Hannah : But we have been driving for hours! Aren’t we even close yet?
Roberto Verona : No. And complaining about it won’t make the trip go by any quicker.
Hannah : Well I can’t help it Roberto, if you let me drive then perhaps I wouldn’t be so bored.
Roberto Verona : Perhaps if you could drive I’d get some peace and quiet.
Roberto laughs as Hannah begins to pout in defiance, crossing her arms melodramatically.
Hannah : I can drive…
Hannah mutters, looking down at the floor.
Roberto Verona : Of course you can, that is why you have made more insurance claims than I have had dinners.
Hannah : Hey! At least half of those weren’t my faul, if people put their cars where they shouldn’t what do they expect!
Hannah declares defiantly, a hint of defeat in her voice.
Roberto Verona : You are not driving the car, give it up.
Hannah : Whatever.
Roberto Verona : No need to get moody young lady, the ride will only drag on longer if your all hot and bothered.
Hannah : Spose.
Roberto Verona : Spose? How did you get a law degree again?
Hannah : Not in any way you might try an insinuate!
Roberto rolls his eyes as he changes gears to overtake the car in front of him
Roberto Verona : Your no fun today.
Hannah : Sharing a confined space with you for a prolonged length of period does that to a girl.
Roberto Verona : Meow, feisty. That’s more like it.
Hannah turns and sticks out her tongue mockingly before unfurling her tightly cross arms, pushing herself upright in the seat before making herself more comfortable.
Hannah : So, how are you feeling this week? You done brooding?
Roberto Verona : I am fine, in fact I am more than fine, I am fantastic. Sure, getting struck by a Knites of Round wasn’t the highlight of my weekend the blow was softened when I re-watched Todd taking a bang through the ropes. He should thank me, it is the most action he has had in weeks.

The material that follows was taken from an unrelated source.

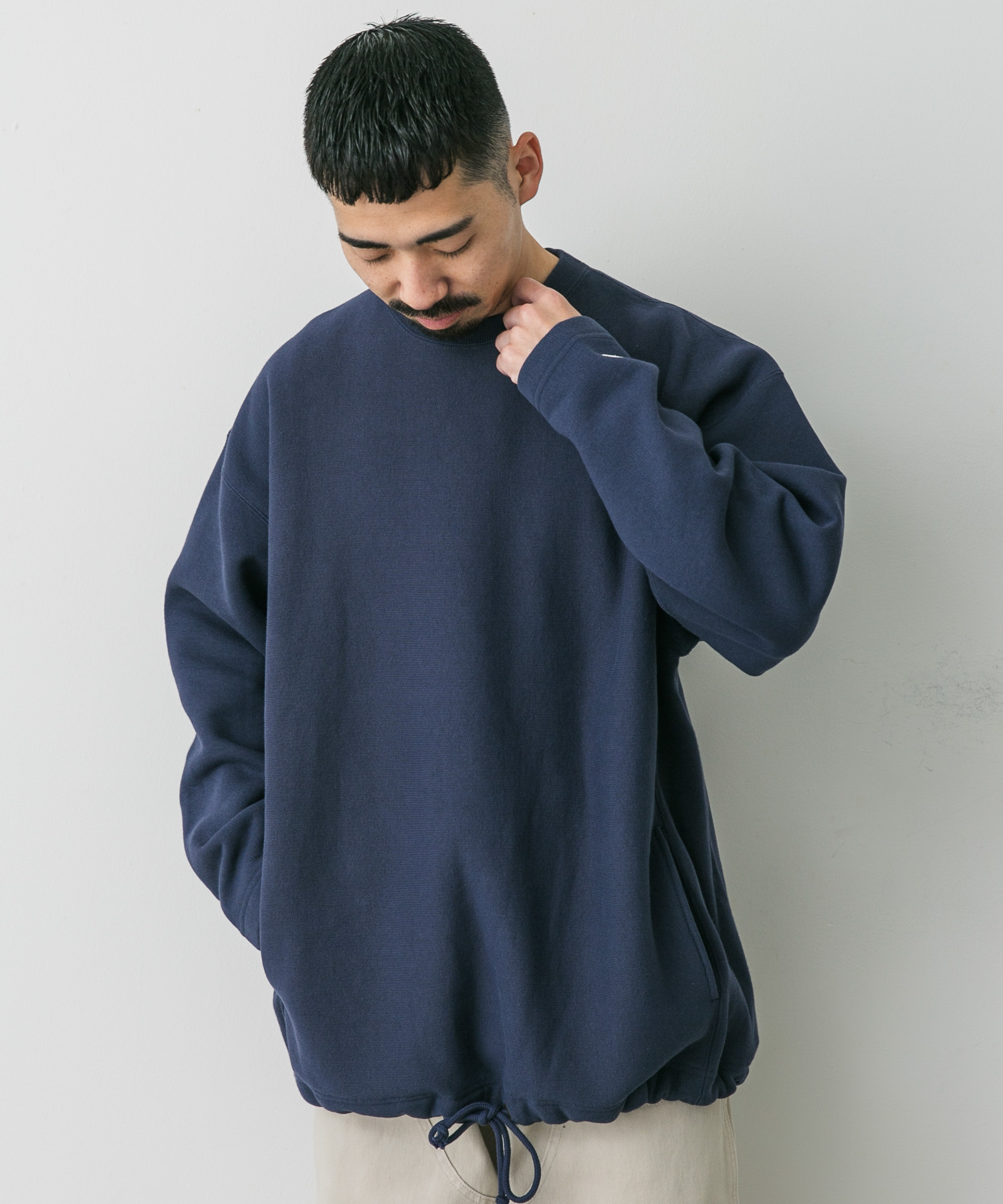 ダークネイビー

Hannah : I am glad to hear it, you aren’t much fun to be around when you’re a miserable git.
Roberto chuckles, nodding his head in agreement
Roberto Verona : I know, but I think I finally realised, I am treading off my path. I have been too focused on not losing at all costs that I lost sight of my revolution and why I started it. I finally see that I need to get back on course and I did it all without that leech Cesare’s input.

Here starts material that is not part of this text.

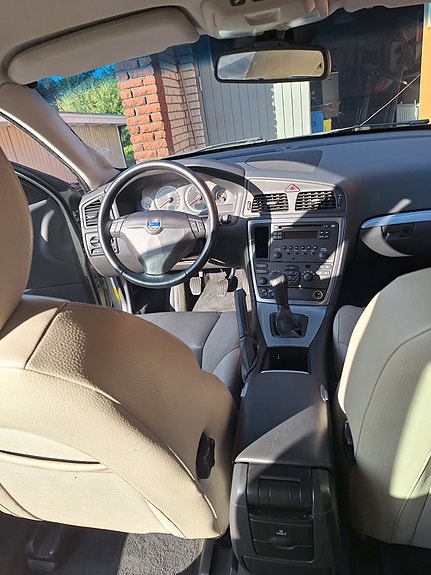 Volvo V70 7 of 10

Hannah falls silent, a look of guilt upon her face, and quickly changes the subject.
Hannah : That’s more like it! Anyway, you have nothing to worry about; there isn’t a chance in hell Trent Helms is going to pull off a victory this week.
Roberto Verona : True, Trent has more of a chance of winning the lottery than he does of walking out of Collision of his own accord. Not that the stupid Canuck will accept that, he’ll throw himself right into the fire.

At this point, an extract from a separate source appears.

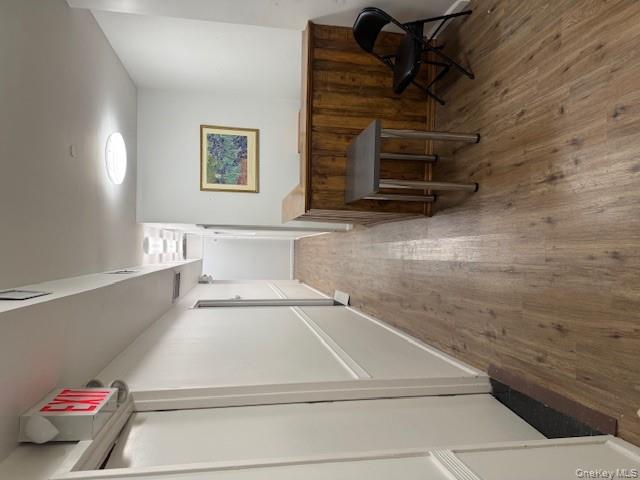 #3 photo, 3272 Steinway Street, קווינס Astoria , NY 11103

Hannah : Just watch your back Roberto, I am sure Todd will be out for revenge this week, especially if you’re taking it easy stomping Helms’ head in. He may be stupid, but he’s not so stupid he won’t be at least planning something.
Roberto Verona : Let him try, I aren’t worried about anything that simpleton has planned. The guy can’t even string three words together. Look, why don’t we forget about nCw for a bit, I don’t want to get a hernia from all the laughing.
Hannah : So what do your propose?
Without uttering a word, Roberto leans forward and turns his CD player on and the opening chords of “Bat Out of Hell” begin to play as Hannah shakes her head laughing whilst Roberto begins to sing along.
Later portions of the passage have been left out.